◆ **What this task involves**:
Repeat the entries below exactly. Drop the pictures.

◆ **Supplied records**:
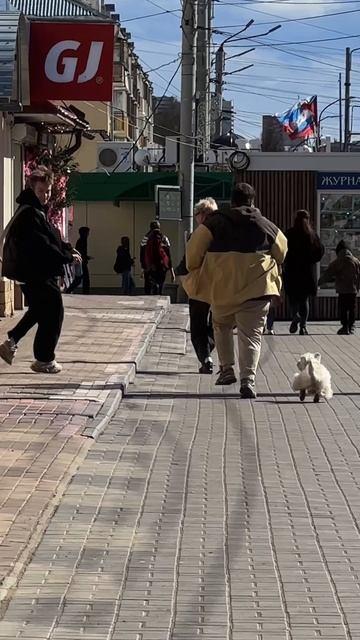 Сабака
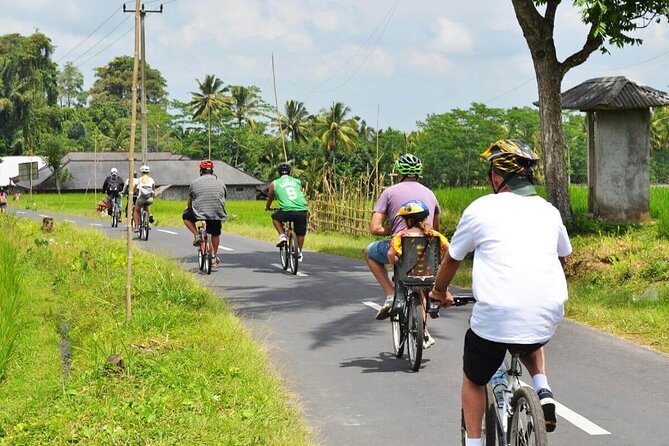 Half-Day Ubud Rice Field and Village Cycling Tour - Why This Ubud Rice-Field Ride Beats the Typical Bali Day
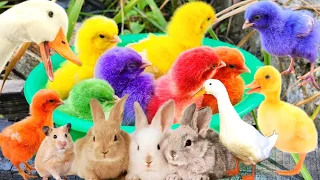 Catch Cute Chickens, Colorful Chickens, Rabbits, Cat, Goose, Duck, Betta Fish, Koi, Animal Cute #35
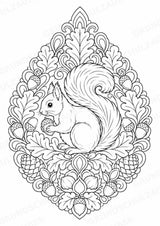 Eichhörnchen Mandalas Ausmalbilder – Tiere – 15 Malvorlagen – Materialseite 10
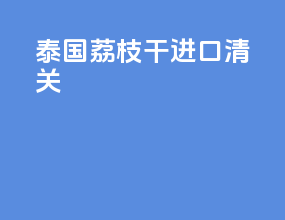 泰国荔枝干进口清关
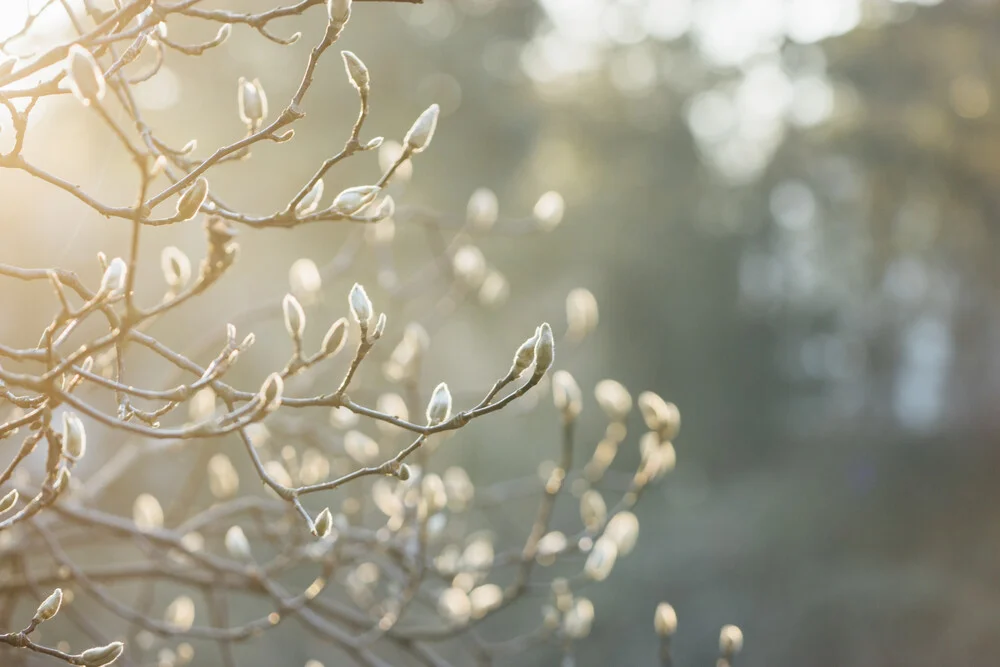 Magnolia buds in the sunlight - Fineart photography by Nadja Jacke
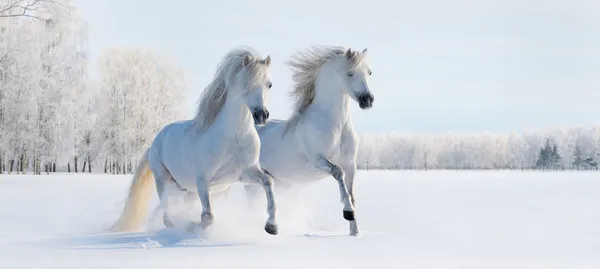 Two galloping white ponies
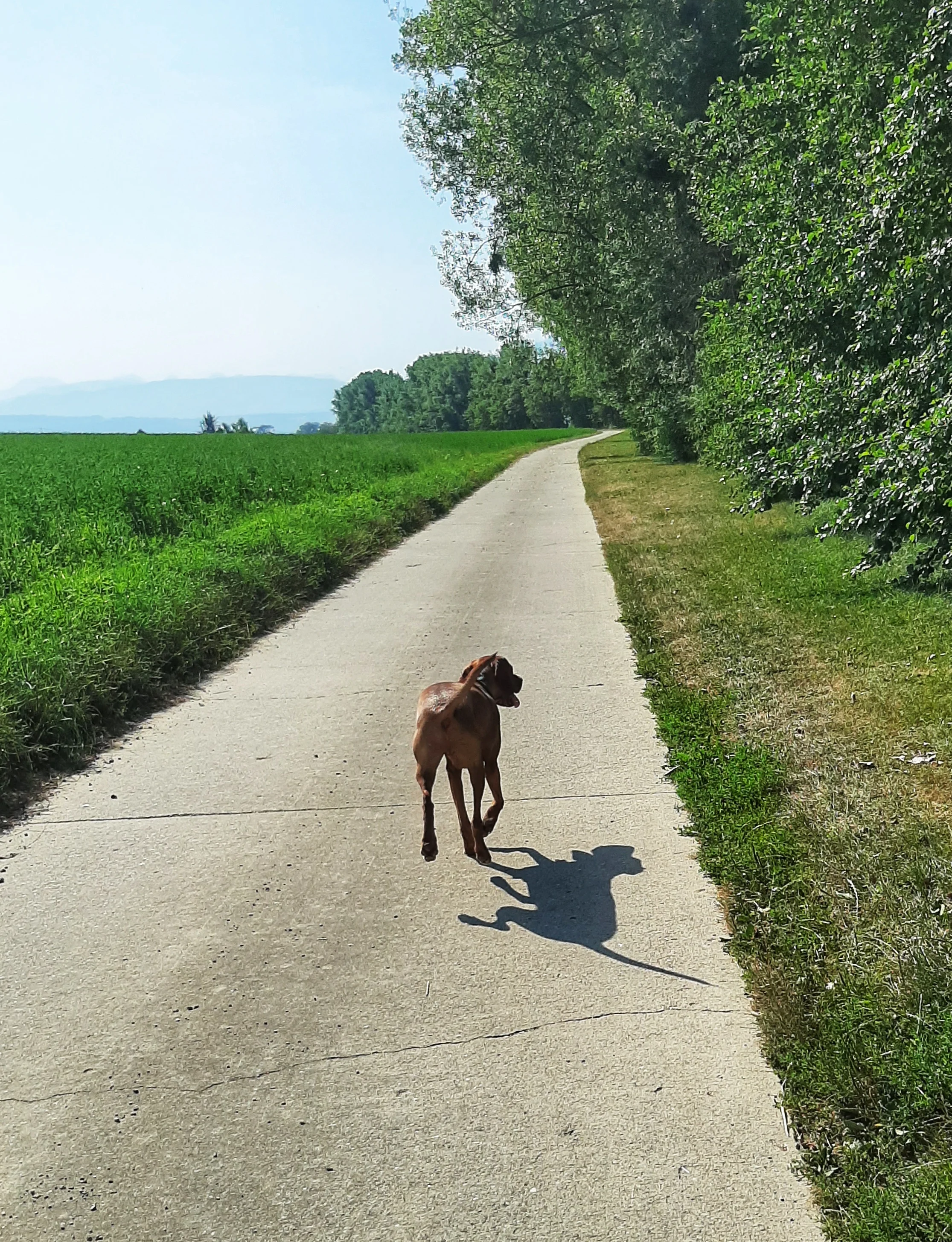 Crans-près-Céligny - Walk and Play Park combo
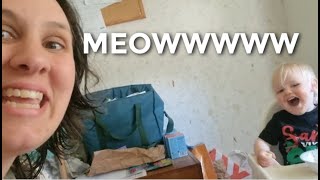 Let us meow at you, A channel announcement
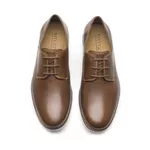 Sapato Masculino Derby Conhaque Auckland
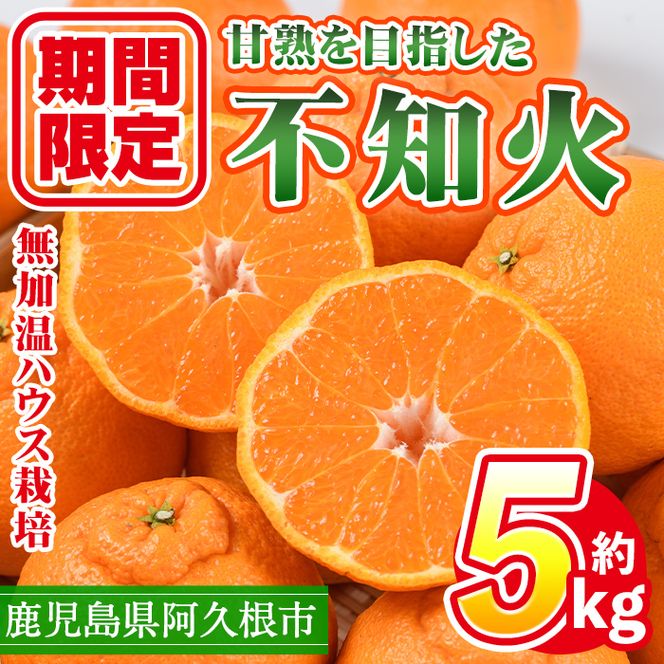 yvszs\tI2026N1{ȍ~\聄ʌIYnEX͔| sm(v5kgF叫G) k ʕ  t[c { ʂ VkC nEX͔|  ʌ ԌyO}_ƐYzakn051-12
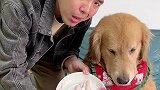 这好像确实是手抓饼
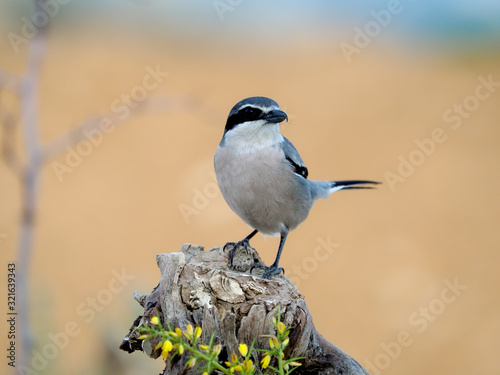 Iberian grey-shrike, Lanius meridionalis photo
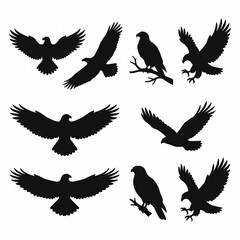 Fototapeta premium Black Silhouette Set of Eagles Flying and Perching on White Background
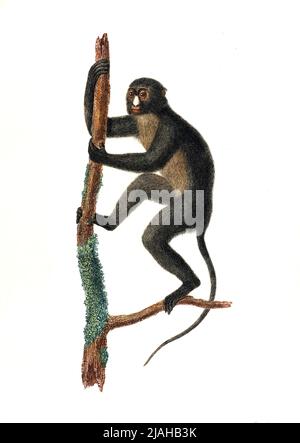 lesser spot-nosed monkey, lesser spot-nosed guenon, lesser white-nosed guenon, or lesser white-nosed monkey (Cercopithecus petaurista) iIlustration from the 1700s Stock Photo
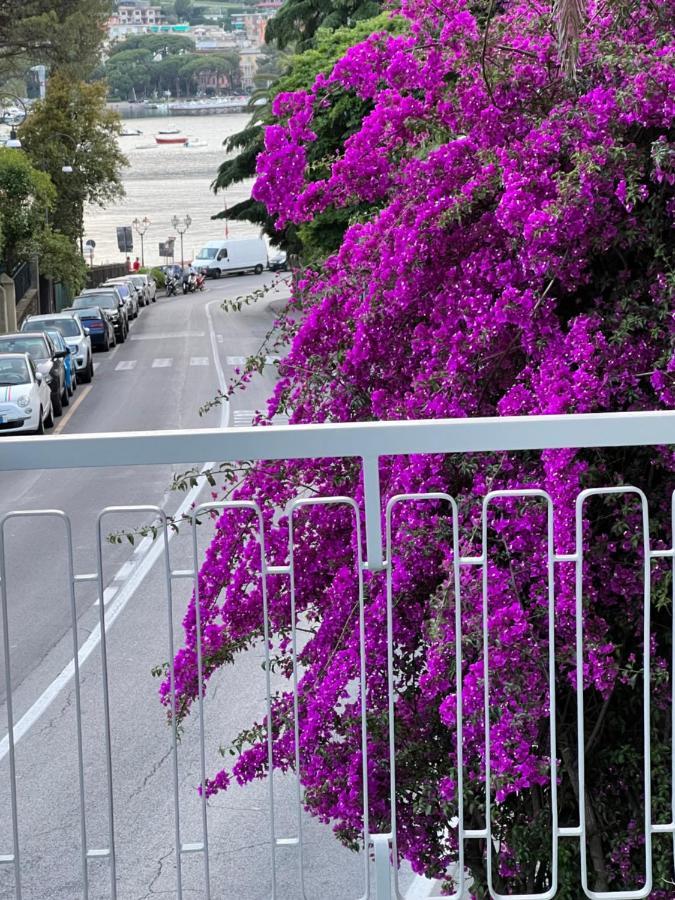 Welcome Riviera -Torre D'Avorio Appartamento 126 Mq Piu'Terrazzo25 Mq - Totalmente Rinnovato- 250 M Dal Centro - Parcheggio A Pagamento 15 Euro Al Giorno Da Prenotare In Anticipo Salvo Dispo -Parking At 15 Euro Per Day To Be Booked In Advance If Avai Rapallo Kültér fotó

◆ **Your solution**:
 Сабака
 Half-Day Ubud Rice Field and Village Cycling Tour - Why This Ubud Rice-Field Ride Beats the Typical Bali Day
 Catch Cute Chickens, Colorful Chickens, Rabbits, Cat, Goose, Duck, Betta Fish, Koi, Animal Cute #35
 Eichhörnchen Mandalas Ausmalbilder – Tiere – 15 Malvorlagen – Materialseite 10
 泰国荔枝干进口清关
 Magnolia buds in the sunlight - Fineart photography by Nadja Jacke
 Two galloping white ponies
 Crans-près-Céligny - Walk and Play Park combo
 Let us meow at you, A channel announcement
 Sapato Masculino Derby Conhaque Auckland
 yvszs\tI2026N1{ȍ~\聄ʌIYnEX͔| sm(v5kgF叫G) k ʕ  t[c { ʂ VkC nEX͔|  ʌ ԌyO}_ƐYzakn051-12
 这好像确实是手抓饼
 Iberian grey-shrike, Lanius meridionalis photo
 Fototapeta premium Black Silhouette Set of Eagles Flying and Perching on White Background
 lesser spot-nosed monkey, lesser spot-nosed guenon, lesser white-nosed guenon, or lesser white-nosed monkey (Cercopithecus petaurista) iIlustration from the 1700s Stock Photo
 Welcome Riviera -Torre D'Avorio Appartamento 126 Mq Piu'Terrazzo25 Mq - Totalmente Rinnovato- 250 M Dal Centro - Parcheggio A Pagamento 15 Euro Al Giorno Da Prenotare In Anticipo Salvo Dispo -Parking At 15 Euro Per Day To Be Booked In Advance If Avai Rapallo Kültér fotó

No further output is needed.